As mentioned earlier, approximate computing, a paradigm shifted from traditional accurate processing, has potential usage at all stack levels of computing systems, especially for large-scale centralized and distributed edge computing. However, approximate computing also has limitations. In the specific implementation of approximate computing, fault tolerance and security vulnerability are two necessary conditions to confirm whether approximations can be applied in the practical applications.

#### 3.1 Fault Tolerance of a System

Fault tolerance of a system is generally defined as the ability of the system to execute a given algorithm correctly without affecting the accuracy of the system or within an acceptable level of output quality when approximations or errors are introduced in the inputs or intermediate operations of the computing system. Approximate computing is based on the fault tolerance of the system. Thus, an essential condition for applications with approximate computing is whether the computing system is fault-tolerant. The computing system is considered unsuitable for the approximation mechanism if it is not fault-tolerant. In general, safety-critical systems are less fault-tolerant, and therefore the use of approximate computing to such systems is sophisticated. Moreover, though the fault tolerance of the computing system satisfies the approximation mechanism, there is another situation where the approximate computing is also not suitable, and where the introduction of the approximate computing brings adverse effects such as an obvious increase in execution time, a significant increase in energy consumption, and an unacceptable decrease in performance, which are all contrary to the original intention of using the approximate computing.

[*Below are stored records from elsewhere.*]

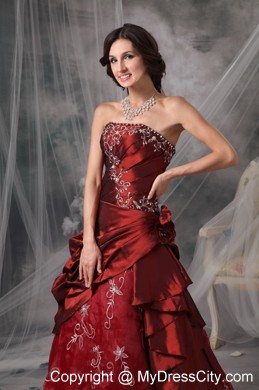 Princess Strapless Pick Ups Burgundy Prom Evening Gowns 2013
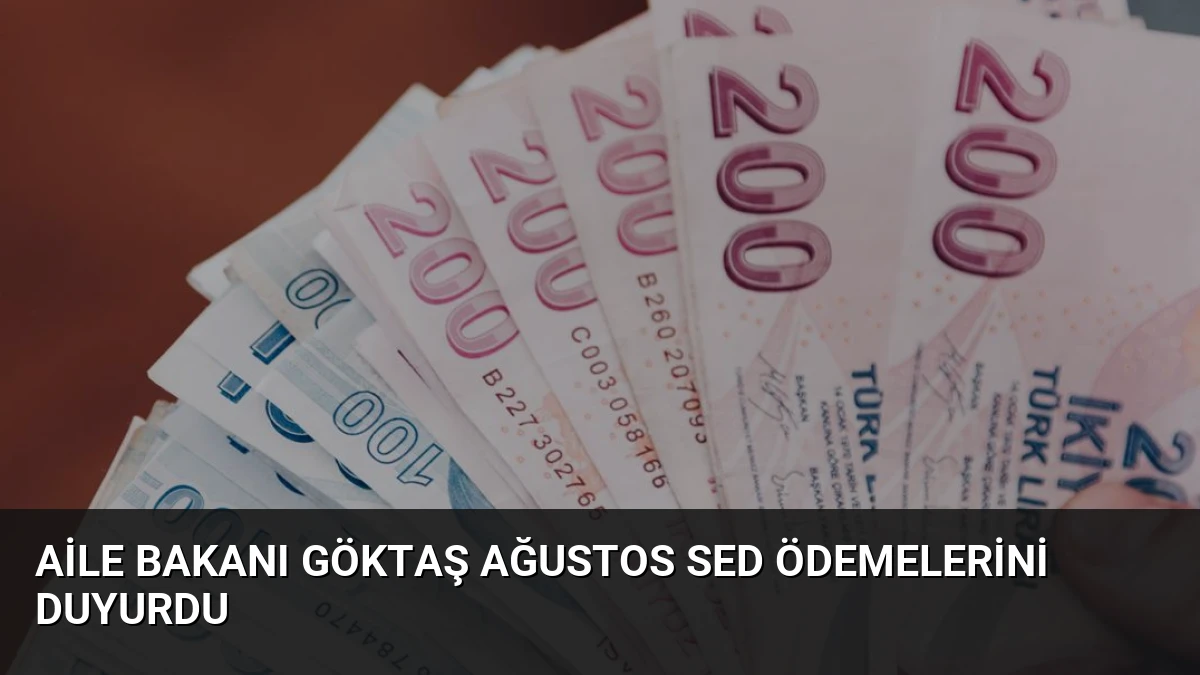 Aile Bakanı Göktaş Ağustos SED Ödemelerini Duyurdu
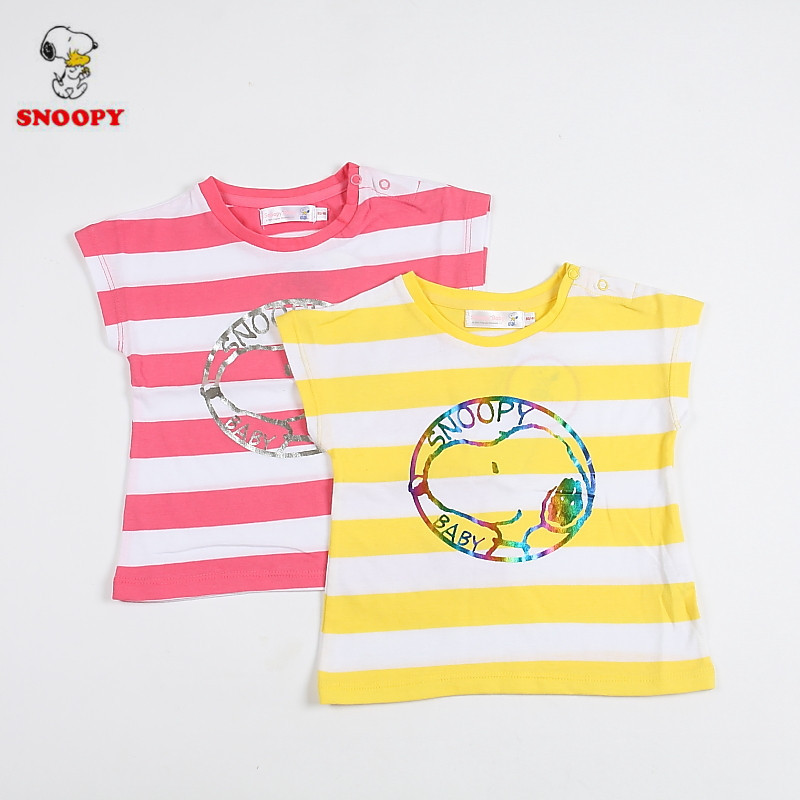 史努比童装正品外出服夏装新款女童纯棉针织短袖T恤上衣2BS40059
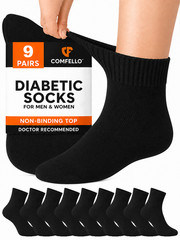 9 Pair Men Diabetic Quarter Sock Cotton Circulatory Non-Binding 9-11 10-13 13-15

#### 3.2 Unpredictable Security Vulnerability

Approximate computing techniques carry an intrinsic uncertainty, and to some extent probably introduce new unpredictable security vulnerability to the computing system. The following reasons should be considered. First, in a computing system with approximate modules, there is a clear boundary among approximate modules and other exact modules in most cases. Supposing that there is no unique hiding mechanism for approximate modules. In this case, this boundary works as a practical guide for attackers to attack the computing system, allowing attackers to recognize vulnerable parts of the computing system faster and provide a new attack surface to damage the computing system. In terms of approximate adders, for example, the approximate operation can dramatically change the transition probability of specific signals, resulting in easier-to-detect security vulnerability by attackers. Second, approximate modules are generally fault-tolerant. Therefore, distinguishing whether the error is caused by the approximate computing or carefully designed by attackers is arduous, and therefore attackers can easily falsify the attack into an approximation in the module.

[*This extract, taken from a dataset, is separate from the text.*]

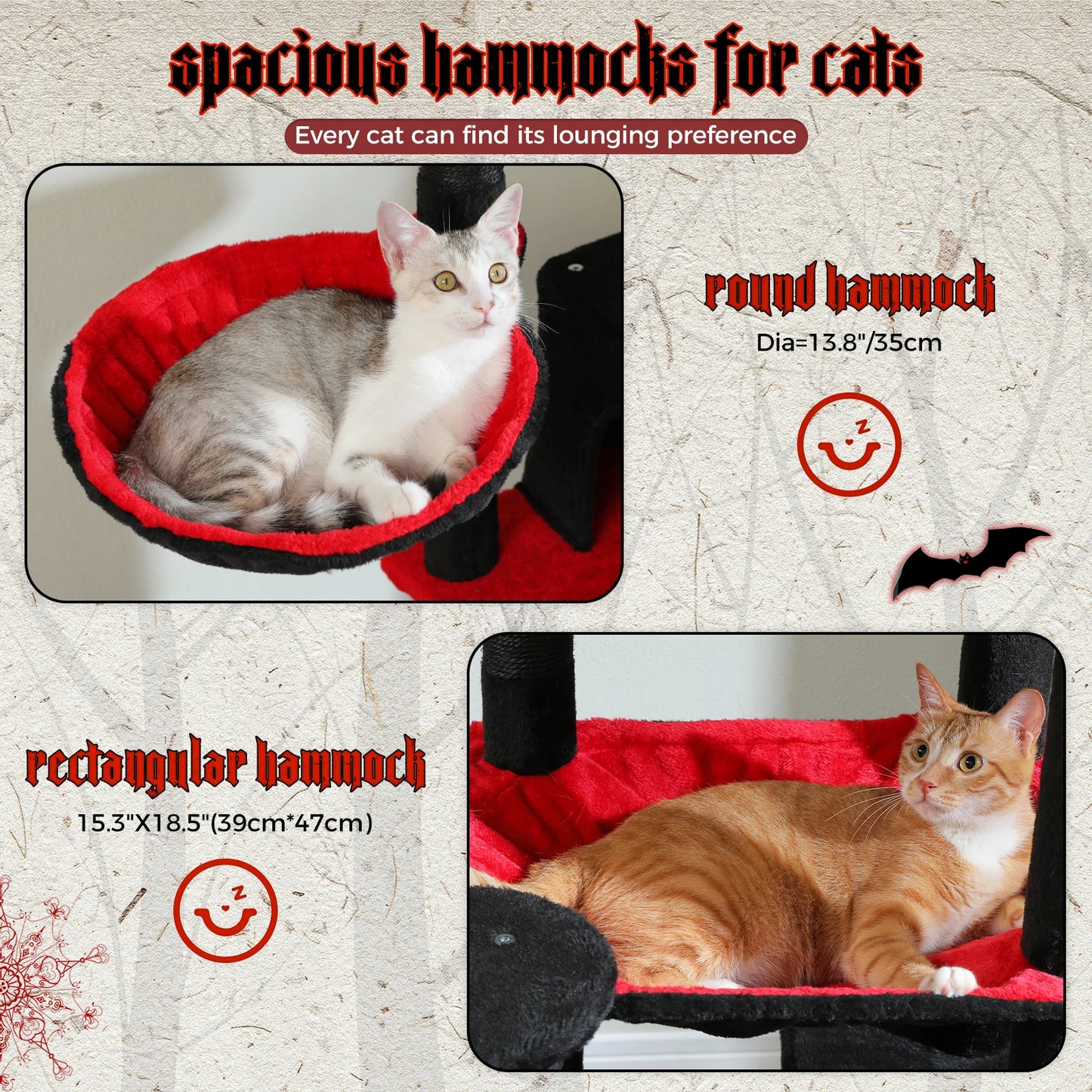 PAWZ Road Tall Cat Tree For Indoor Cats With Hammock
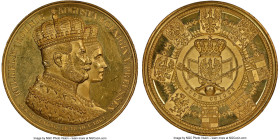 Prussia. Wilhelm I gold Proof Coronation Medal of 12 Ducats Weight 1861-Dated MS60 NGC, Marienburg-2588 var. (in gold). 42mm. 41.30gm. By C. Pfeuffer....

### 4 Promises and Challenges of Approximate Computing

Approximate computing is a widely applicable and excellent paradigm in different applications. Although approximate computing is not mature enough, there is a glimpse of the unlimited potential of approximate computing concerning energy efficiency and high performance. Approximation computing will be confronted with opportunities and many challenges in the coming years.

#### 4.1 **Opportunities to Come**

Apparently approximate computing is applicable at all stack levels of the system and have evaluated representative techniques at each stack level. When most of the techniques at each stack level become matured, a natural trend to investigate compounding effects by applying multiple techniques in the system will emerge. For the purpose of exploiting such compounding effects, considering holistically at multiple levels of the system stack and designing new reasonable and effective accelerator cannot be ignored. For example, IBM proposed the TeraOPS deep learning processor core in  $2018^{[60]}$ . This is an AI accelerator chip that compounds approximation techniques at multiple stack levels to achieve performance and area advantages compared with other high-performance AI chips. In [61], the researchers proposed a resource-oriented high-level synthesis (HLS) method, in which heterogeneous resource constraints can be defined with minimizing the output error. The proposed method is applied to approximate designs in FPGAs. With this HLS method, the designers could exploit the resources in FPGA more efficiently with certain approximation.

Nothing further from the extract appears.